Patentrecht cruciaal in EU-discussie over versoepeling van ggo-regels
De Commissie maakte daarbij onderscheid tussen twee soorten ggo’s. Voor categorie 1 worden de regels versoepeld, voor categorie 2 blijven ze streng zoals dat nu al het geval. Toen het voorstel in juli bekendgemaakt werd, was de reactie in Nederland als belanghebbend land instemmend. Ook Europarlementslid Bert-Jan Ruissen (SGP) noemt het voorstel belangrijk omdat het „meer perspectief biedt om meer tempo te maken met het veredelen van- en te zorgen voor robuuste rassen.” Volgens Ruissen draagt het ook bij aan een verdere verduurzaming van de landbouw.
Toegangkelijk
Met meer van zijn collega’s is Ruissen van mening, dat de kwestie rond het patentrecht opgelost moet worden.
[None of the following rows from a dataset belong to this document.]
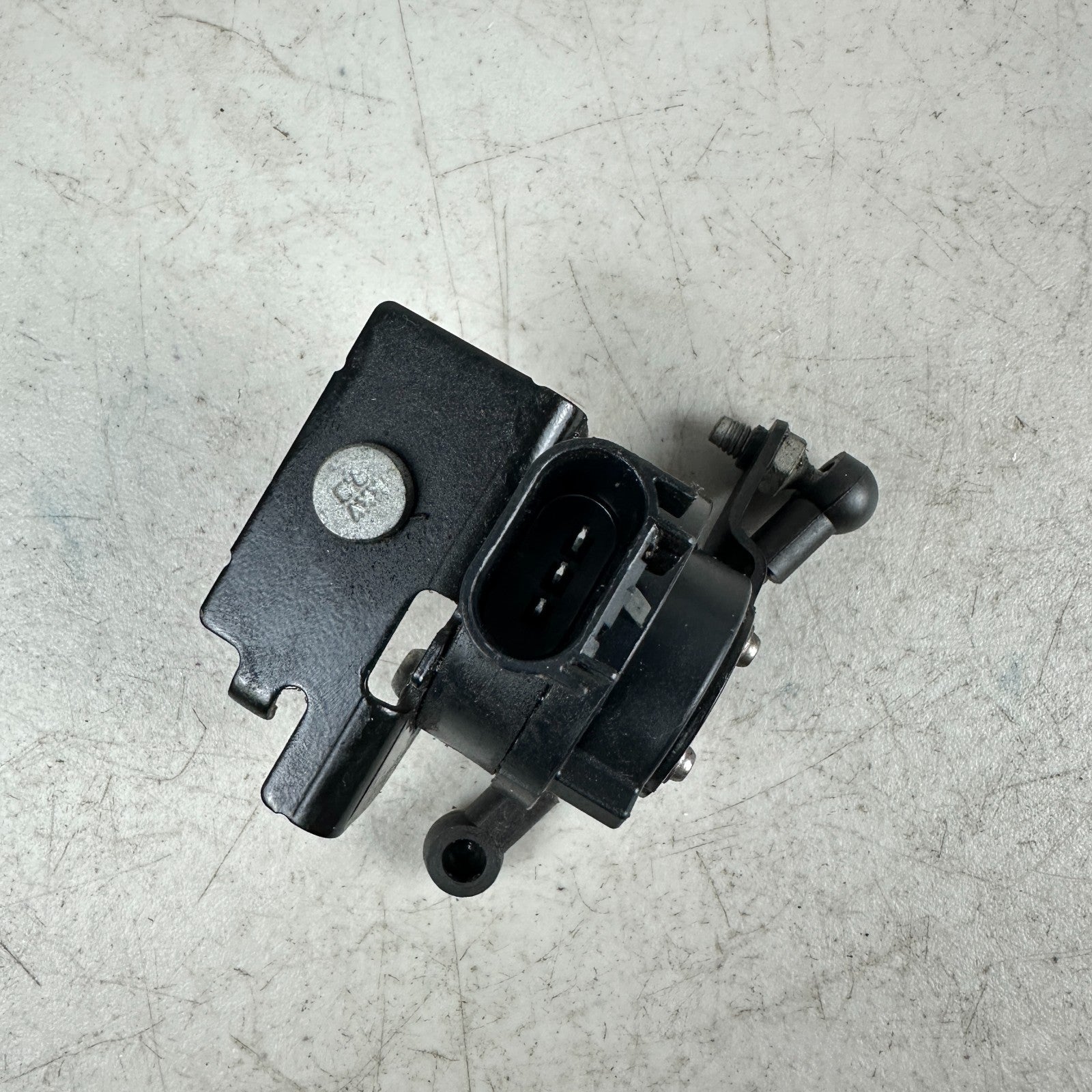 2014-2019 CHEVROLET CORVETTE C7 FRONT LEFT SIDE HEADLIGHT LEVEL RIDE SENSOR OEM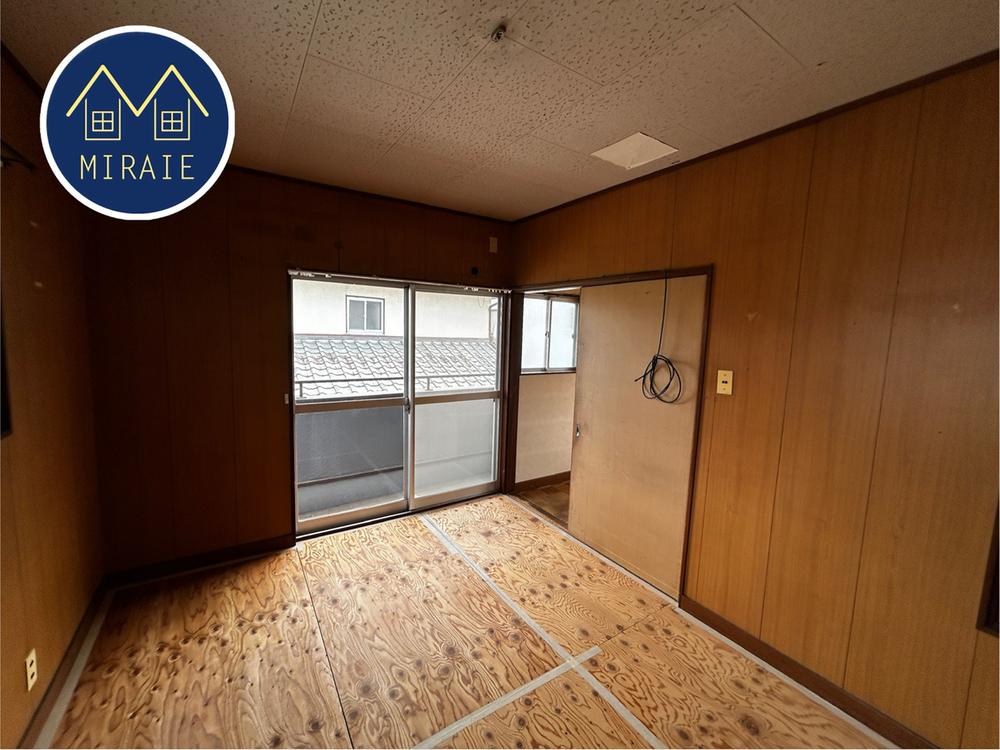 Idyllic 6-Bedroom Mountain View Home in Kizugawa City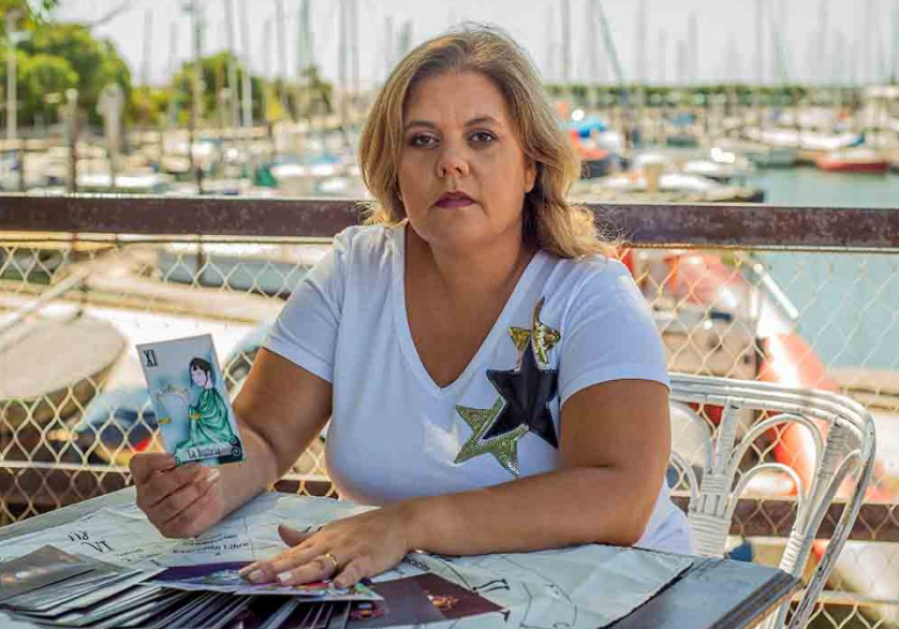 Predijo la final del Mundial, llevó el Medium al teatro y ahora llega a La Plata con una gran experiencia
Ruissen: „Plantmateriaal moet altijd toegankelijk blijven voor plantenveredelaars, zodat ze weer nieuwe rassen kunnen ontwikkelen. Ik heb het dan concreet over de kwekersvrijstelling. We hebben daar al heel vaak over gesproken in het parlement, dat er ook aan hecht dat het plantmateriaal primair beschermd blijft via het kwekersrecht en dat het plantmateriaal beschikbaar blijft voor veredelaars. We kunnen het ons niet permitteren om daar onduidelijkheid over te laten bestaan en we kunnen het ons evenmin veroorloven dat het patentecht greep krijgt op het plantmateriaal. De Europese Commissie beloofde dat ze daar een studie naar laat verrichten in 2026. Dat vind ik echt te laat. We moeten nu een oplossing vinden. We moeten garanderen dat het plantmateriaal niet onder het patentrecht gaat vallen. Ik hecht er echt aan dat we dit nu meenemen in de discussie en een oplossing vinden.”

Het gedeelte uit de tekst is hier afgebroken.